In Kenya, ogni giorno vengono prodotte 4.400 tonnellate di rifiuti di plastica. Il 73% di questi rifiuti non viene raccolto, mentre il 27% finisce in discariche come Dandora e altre discariche completamente deregolate. Ma molta di quella plastica viene dall’Europa.

Secondo una recente ricerca di Clean Up Kenya, ogni anno, l’Inghilterra scarica dodici milioni di capi di abbigliamento in “plastica spazzatura” sulle discariche kenyane.

Dei 36.640.890 capi di abbigliamento usati spediti ogni anno direttamente dal Regno Unito al Kenya, fino a uno su tre contiene plastica ed è di qualità così bassa che viene immediatamente gettato in discarica. E questo è solo un esempio di un Paese europeo. Se ne potrebbero portare davvero altri.

Non a caso Simidi Musasia, fondatore di Clean Up Kenya, parla di «colonialismo dei rifiuti».

«Il commercio di abiti usati provenienti dall’Europa – aggiunge - è in gran parte e sempre più un commercio di rifiuti tessili non tracciabile».

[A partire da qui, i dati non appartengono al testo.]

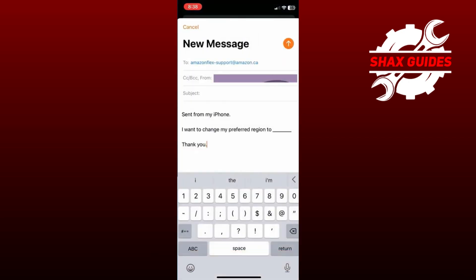Compose an email requesting a change of region or preferred area for deliveries. Clearly specify which region you would like to switch to in your message.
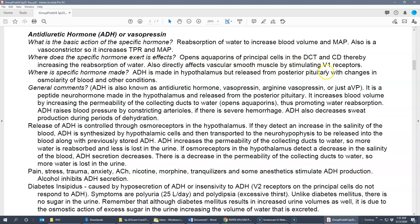ADH also directly affects vascular smooth muscle by stimulating V1 receptors — vasopressin receptors — causing vasoconstriction. As for where it's made: ADH is actually made in the hypothalamus but travels through fast axonal transport to the posterior pituitary, where it gets released. It's primarily controlled by changes in blood osmolarity. It's a neural hormone because it's made in the hypothalamus, part of the brain, and it increases blood volume, promotes water reabsorption, and causes vasoconstriction of arterioles.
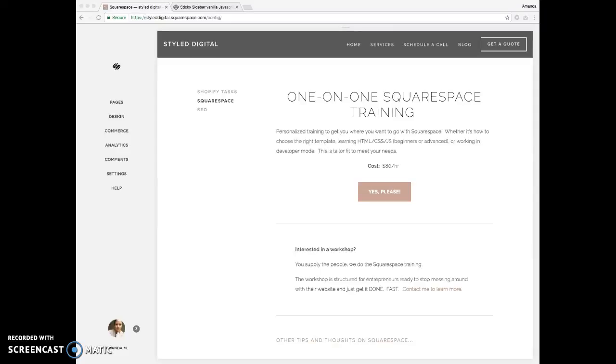Hey guys, this is Amanda with Style Digital, and today I'm going to show you how to add a sticky sidebar to your Squarespace site.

Mentre si avvicina una mandria di maiali che ha appena concluso il pascolo nutrendosi di quello che trovava in mezzo a plastiche e rifiuti tossici e bevendo dai liquidi disponibili e si avvia nel recinto del padrone in attesa di venire macellata, passa un pastore membro di una delle tante New Churches.

Mi indica al centro di Dandoora una baracca di lamiera con una bandiera e una croce. È la sua parrocchia e sorge esattamente al centro della collina di rifiuti, per entrarci bisogna saltare i vari ruscelli di liquami, stare attenti a non cadere nei cumuli di rifiuti e respirare fumi tossici e odori impossibili. Il culto domenicale è frequentatissimo.

È il segno forse più eloquente, assieme ai palazzi di recentissima costruzione con vista discarica sorti tutti intorno a Dandoora, di come centinaia di migliaia di abitanti si siano abituati a questo inferno in terra, lo considerino normalità. E con loro, noi, ma con più colpa.